*About this exercise*
The entries below are to be restated exactly, and their images are to be omitted.

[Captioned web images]
* * * * * * *
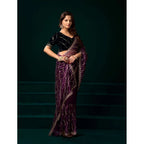 Women's Net Sequence Saree With Unstitched Blouse 5.5Mtr (Purple)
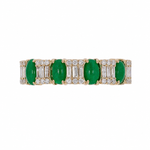 Load image into Gallery viewer, RAF01372EM. 18K Solid Gold Diamond &amp; Emerald Ring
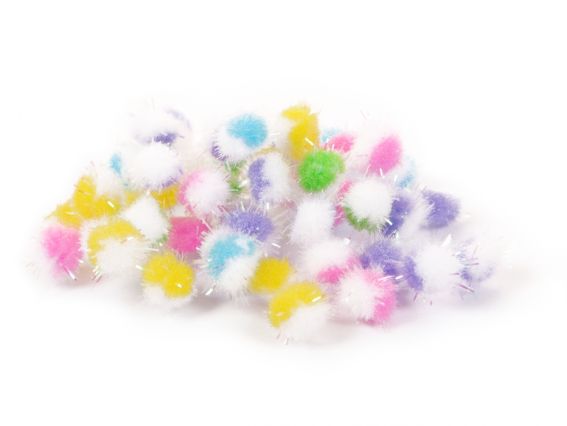 Кульки помпончики двокольорові з голографним люрексом , 955443 SANTI Мікс , d-8мм, мікс кольорів 50шт./уп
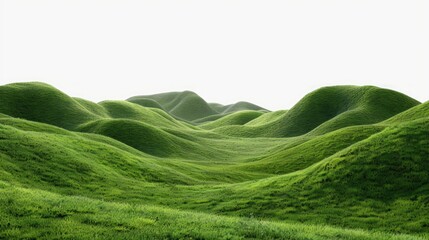 Canvas Print - A serene natural landscape featuring lush green grass and rolling hills in the distance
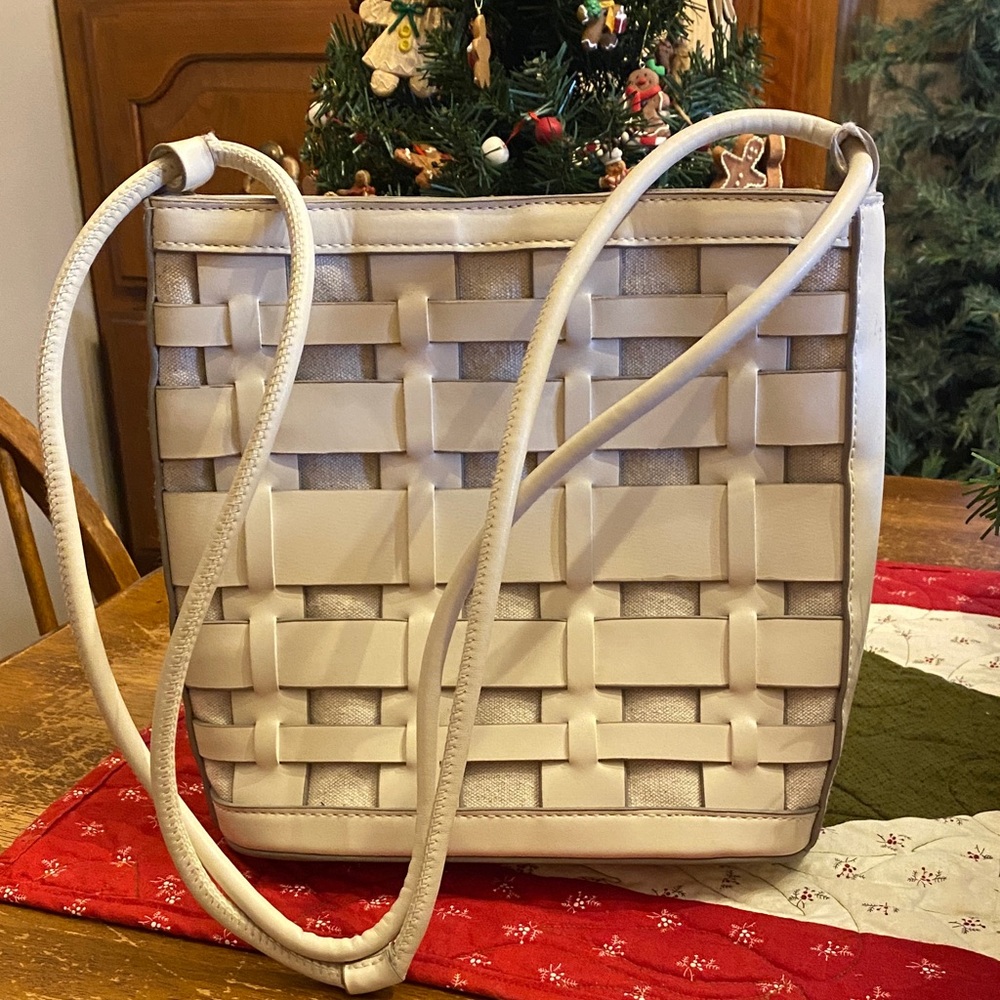 a new day Cream Woven Shoulder Bag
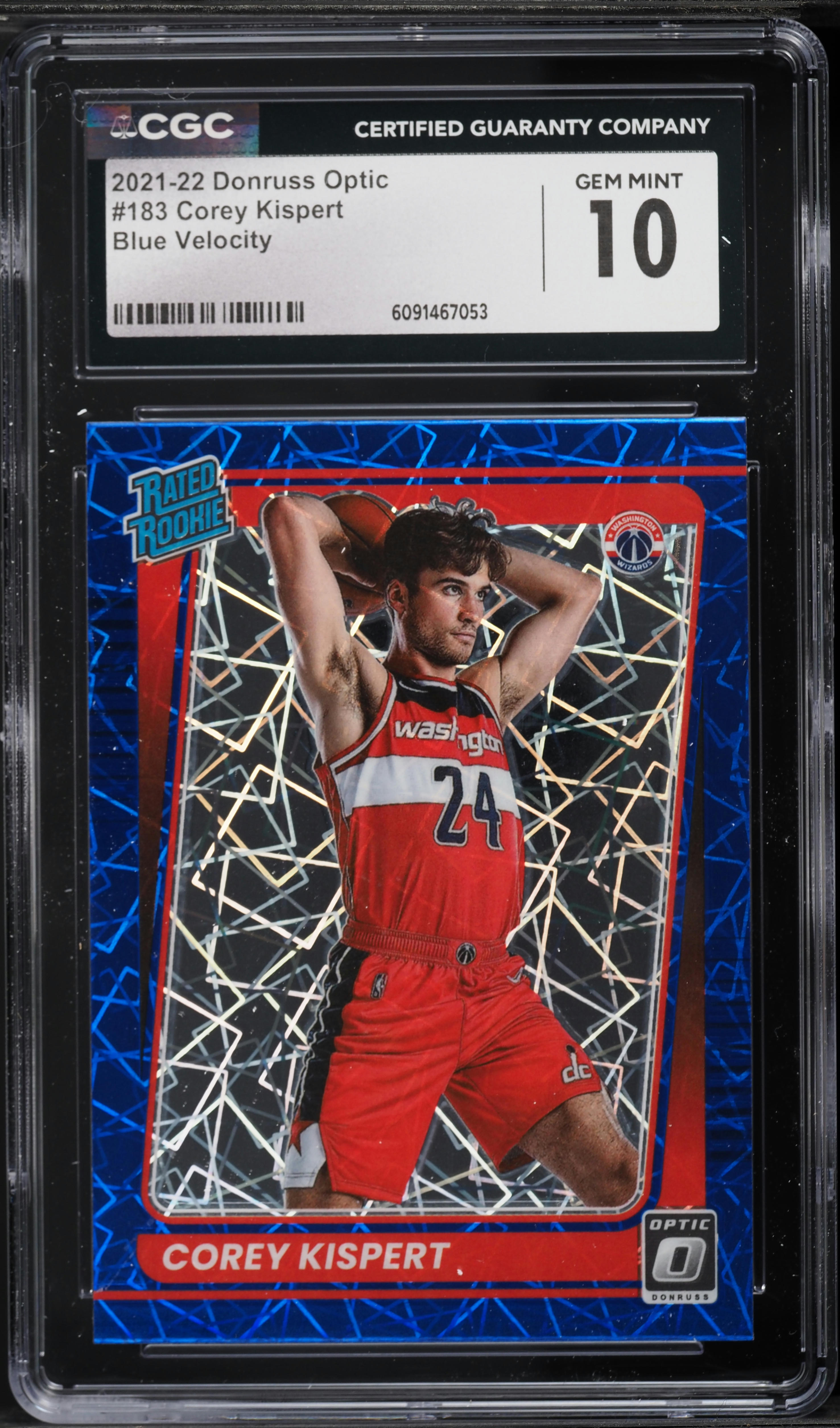 2021 Donruss Optic Blue Velocity Corey Kispert ROOKIE #183 CGC 10
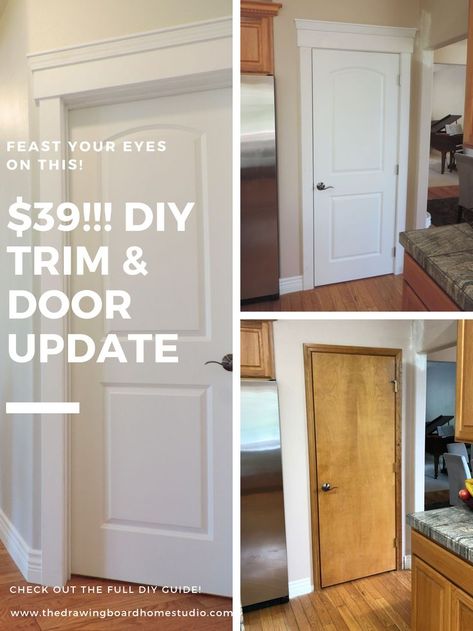 Replacing Interior Doors And Trim, Diy Wood Door Makeover, How To Change Trim In House, Changing Trim In House, Update Doors Interior Diy, Replacing Doors Interior, Updating Door Frames, How To Change Door Trim, Updating Oak Doors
* * * * * * *
*Exercise answer*
 Women's Net Sequence Saree With Unstitched Blouse 5.5Mtr (Purple)
 Load image into Gallery viewer, RAF01372EM. 18K Solid Gold Diamond &amp; Emerald Ring
 Кульки помпончики двокольорові з голографним люрексом , 955443 SANTI Мікс , d-8мм, мікс кольорів 50шт./уп
 Canvas Print - A serene natural landscape featuring lush green grass and rolling hills in the distance
 a new day Cream Woven Shoulder Bag
 2021 Donruss Optic Blue Velocity Corey Kispert ROOKIE #183 CGC 10
 Replacing Interior Doors And Trim, Diy Wood Door Makeover, How To Change Trim In House, Changing Trim In House, Update Doors Interior Diy, Replacing Doors Interior, Updating Door Frames, How To Change Door Trim, Updating Oak Doors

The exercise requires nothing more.